As you surely know, Britain voted to Brexit the European Union yesterday, confounding predictions and setting off a great deal of uncertainty.
One detail people are focusing most closely on is the age differential shown in a YouGov exit poll. It showed that voters 18-24 voted overwhelmingly to stay in the EU. “The younger generation has lost the right to live and work in 27 other countries,” a widely linked FT comment laid out. “We will never know the full extent of the lost opportunities, friendships, marriages and experiences we will be denied.”
That Millennial sentiment, and the overwhelming support for Remain, has been celebrated as wise by the punditocracy — and it probably is.
But the same people celebrating this Millennial view — one that embraced tolerance and opportunity — often as not attacked the overwhelming support by American Millennials for Bernie Sanders. That disproportionate support, coming from a much smaller part of the electorate but by very similar margins, was deemed a naive belief in empty promises (promises, of course, that largely resembled adopting the policies that the EU used to and in some places still represents).

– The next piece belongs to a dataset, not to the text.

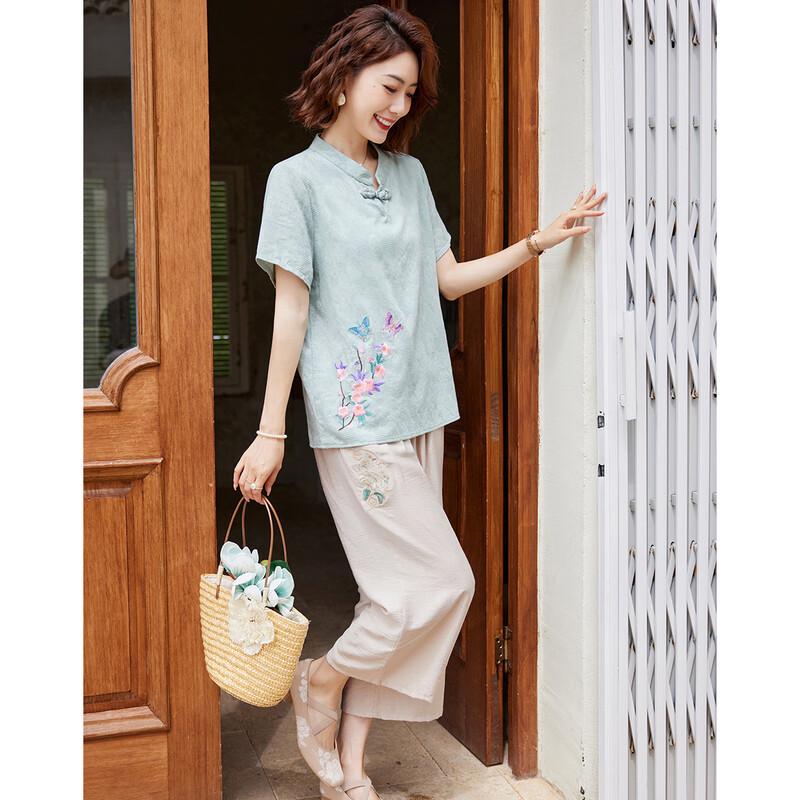 Paster New Chinese Style Embroidered Summer Outfit Set for Mothers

I suspect the reality is that, on top of a real cosmopolitanism among younger people, both votes were just a vote for perceived self-interest, no more or less wise than the votes of their older, less cosmopolitan parents.
Still, those celebrating the UK’s Millennials for their wisdom might give some consideration as to why the underlying cosmopolitanism and interest in European style social policies of the young would be the perceived self-interest of the young on both sides of the pond.